- _Information provided_:
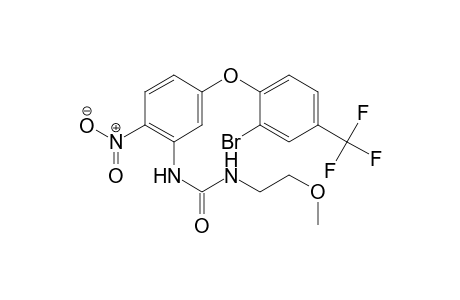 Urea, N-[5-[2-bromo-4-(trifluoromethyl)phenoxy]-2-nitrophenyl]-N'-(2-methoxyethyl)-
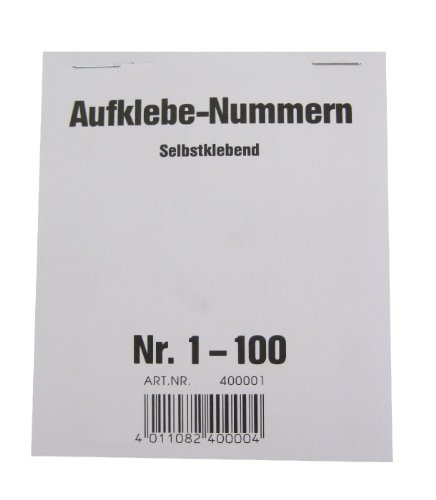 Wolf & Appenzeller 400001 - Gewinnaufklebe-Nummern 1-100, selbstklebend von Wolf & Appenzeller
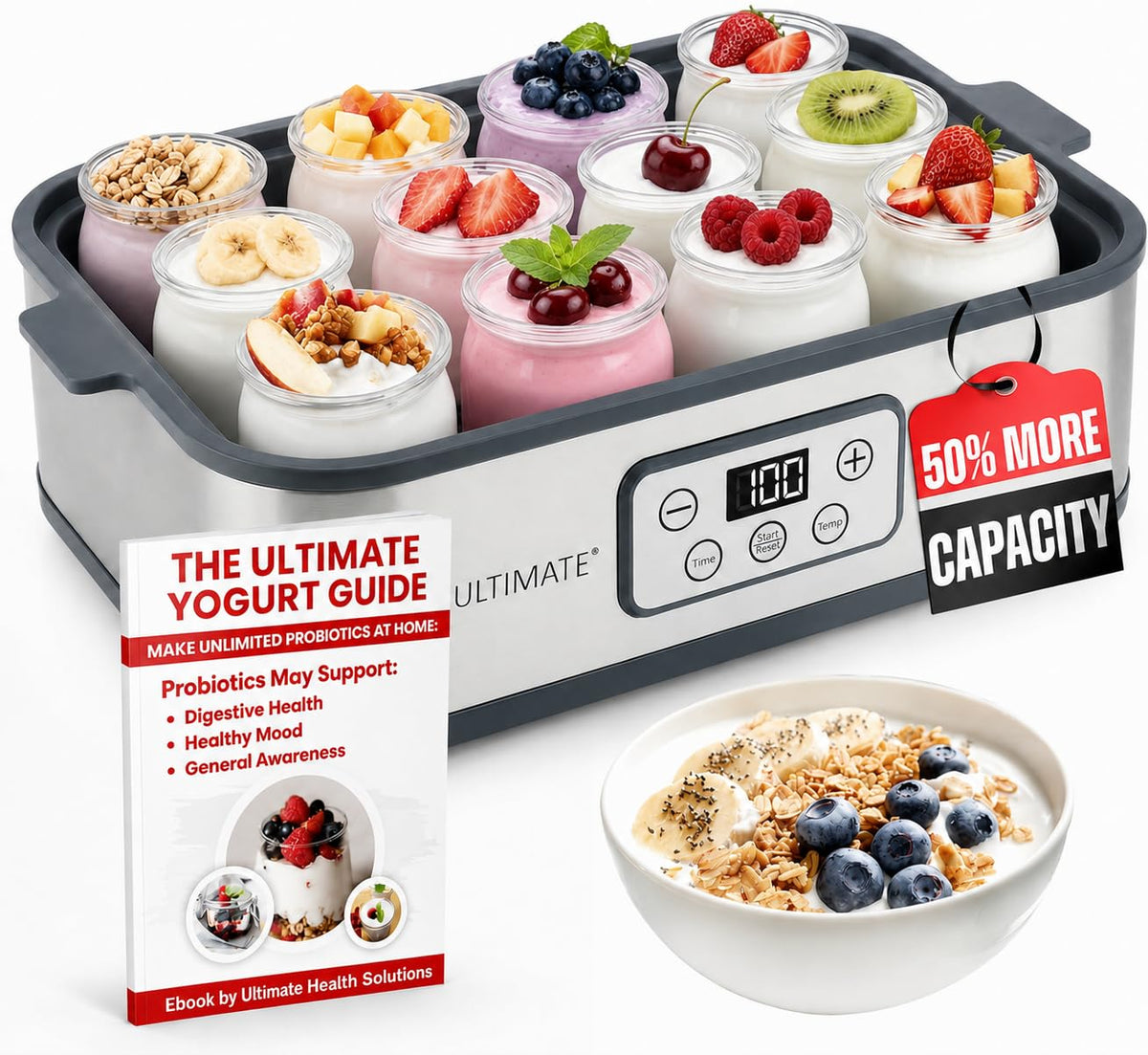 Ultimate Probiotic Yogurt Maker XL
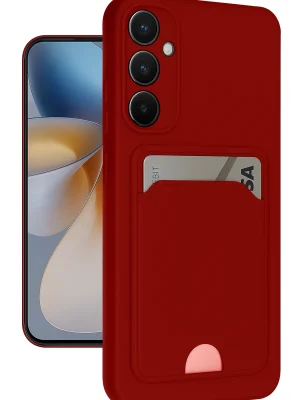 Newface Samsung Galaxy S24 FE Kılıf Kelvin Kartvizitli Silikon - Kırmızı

- _What to work on_:
Restate word for word the lines beginning with the one that contains "Ultimate Probiotic Yogurt Maker XL" and ending with the last line of the listing; pictures stay out.

- _Reply to the task_:
 Ultimate Probiotic Yogurt Maker XL
 Newface Samsung Galaxy S24 FE Kılıf Kelvin Kartvizitli Silikon - Kırmızı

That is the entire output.